Exercise materials:
-=-=-

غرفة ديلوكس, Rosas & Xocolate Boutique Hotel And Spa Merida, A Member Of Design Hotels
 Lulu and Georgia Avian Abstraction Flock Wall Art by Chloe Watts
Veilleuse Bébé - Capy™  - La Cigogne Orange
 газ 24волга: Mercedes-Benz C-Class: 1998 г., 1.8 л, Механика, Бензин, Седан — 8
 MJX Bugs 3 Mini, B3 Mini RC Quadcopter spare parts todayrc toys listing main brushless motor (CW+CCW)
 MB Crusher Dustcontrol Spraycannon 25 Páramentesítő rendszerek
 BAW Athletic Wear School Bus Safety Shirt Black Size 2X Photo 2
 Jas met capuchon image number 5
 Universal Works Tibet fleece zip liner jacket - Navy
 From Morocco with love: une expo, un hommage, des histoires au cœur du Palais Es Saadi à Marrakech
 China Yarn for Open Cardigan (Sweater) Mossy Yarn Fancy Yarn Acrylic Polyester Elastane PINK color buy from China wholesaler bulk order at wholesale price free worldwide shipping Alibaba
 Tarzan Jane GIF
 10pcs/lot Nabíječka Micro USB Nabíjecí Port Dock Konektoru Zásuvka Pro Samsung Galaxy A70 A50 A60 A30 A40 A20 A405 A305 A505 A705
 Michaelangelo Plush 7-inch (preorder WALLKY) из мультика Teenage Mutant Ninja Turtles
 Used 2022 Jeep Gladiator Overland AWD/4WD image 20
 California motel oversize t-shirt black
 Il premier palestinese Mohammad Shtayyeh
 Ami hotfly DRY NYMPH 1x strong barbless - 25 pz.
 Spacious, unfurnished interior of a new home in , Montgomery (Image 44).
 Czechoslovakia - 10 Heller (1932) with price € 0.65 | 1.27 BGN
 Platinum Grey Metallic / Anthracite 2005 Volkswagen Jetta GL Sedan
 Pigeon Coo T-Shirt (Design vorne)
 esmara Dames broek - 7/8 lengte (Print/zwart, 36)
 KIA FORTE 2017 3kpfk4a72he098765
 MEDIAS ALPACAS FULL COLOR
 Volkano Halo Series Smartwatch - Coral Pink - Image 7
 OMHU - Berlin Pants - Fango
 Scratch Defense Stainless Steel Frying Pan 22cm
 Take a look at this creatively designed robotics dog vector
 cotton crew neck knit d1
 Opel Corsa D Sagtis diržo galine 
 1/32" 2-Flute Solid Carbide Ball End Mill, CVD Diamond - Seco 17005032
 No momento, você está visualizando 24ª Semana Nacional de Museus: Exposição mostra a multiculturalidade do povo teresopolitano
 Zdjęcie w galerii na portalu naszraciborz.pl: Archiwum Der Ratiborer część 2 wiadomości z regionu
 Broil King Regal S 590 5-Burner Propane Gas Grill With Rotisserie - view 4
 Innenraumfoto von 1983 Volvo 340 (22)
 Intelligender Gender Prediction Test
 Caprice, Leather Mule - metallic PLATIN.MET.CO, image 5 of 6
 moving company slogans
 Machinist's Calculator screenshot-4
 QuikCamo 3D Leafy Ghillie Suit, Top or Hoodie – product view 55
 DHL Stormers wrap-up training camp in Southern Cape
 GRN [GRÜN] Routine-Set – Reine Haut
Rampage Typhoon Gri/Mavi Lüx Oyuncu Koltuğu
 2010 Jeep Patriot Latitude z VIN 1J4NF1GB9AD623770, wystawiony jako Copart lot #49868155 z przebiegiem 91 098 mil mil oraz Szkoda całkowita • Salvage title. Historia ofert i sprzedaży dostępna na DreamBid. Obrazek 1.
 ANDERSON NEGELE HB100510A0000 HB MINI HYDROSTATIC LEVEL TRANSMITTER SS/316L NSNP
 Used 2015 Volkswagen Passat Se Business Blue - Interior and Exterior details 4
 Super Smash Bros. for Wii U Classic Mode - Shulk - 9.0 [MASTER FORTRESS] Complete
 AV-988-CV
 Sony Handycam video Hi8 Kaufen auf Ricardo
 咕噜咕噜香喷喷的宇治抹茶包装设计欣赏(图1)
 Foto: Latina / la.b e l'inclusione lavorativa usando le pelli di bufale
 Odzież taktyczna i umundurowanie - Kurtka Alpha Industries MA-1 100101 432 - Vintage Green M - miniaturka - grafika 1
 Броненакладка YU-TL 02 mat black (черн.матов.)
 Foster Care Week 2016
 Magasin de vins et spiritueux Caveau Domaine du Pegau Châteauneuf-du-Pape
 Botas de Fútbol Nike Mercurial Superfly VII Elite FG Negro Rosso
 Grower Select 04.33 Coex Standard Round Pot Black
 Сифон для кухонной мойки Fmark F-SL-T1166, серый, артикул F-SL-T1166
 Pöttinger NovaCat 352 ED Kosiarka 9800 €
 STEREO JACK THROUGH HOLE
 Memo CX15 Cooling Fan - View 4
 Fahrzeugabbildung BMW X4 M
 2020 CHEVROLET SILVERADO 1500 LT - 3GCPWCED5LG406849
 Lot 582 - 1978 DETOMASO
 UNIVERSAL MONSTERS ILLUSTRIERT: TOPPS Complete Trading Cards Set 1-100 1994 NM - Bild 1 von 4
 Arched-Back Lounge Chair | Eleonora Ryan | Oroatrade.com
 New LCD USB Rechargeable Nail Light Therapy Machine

-=-=-

Work to be completed:
What you give back should be exactly the lines of the data above from the line with "DHL Stormers wrap-up" through the line with "ANDERSON NEGELE HB100510A0000", both of those included, and nothing more.

Answer space:
 DHL Stormers wrap-up training camp in Southern Cape
 GRN [GRÜN] Routine-Set – Reine Haut
Rampage Typhoon Gri/Mavi Lüx Oyuncu Koltuğu
 2010 Jeep Patriot Latitude z VIN 1J4NF1GB9AD623770, wystawiony jako Copart lot #49868155 z przebiegiem 91 098 mil mil oraz Szkoda całkowita • Salvage title. Historia ofert i sprzedaży dostępna na DreamBid. Obrazek 1.
 ANDERSON NEGELE HB100510A0000 HB MINI HYDROSTATIC LEVEL TRANSMITTER SS/316L NSNP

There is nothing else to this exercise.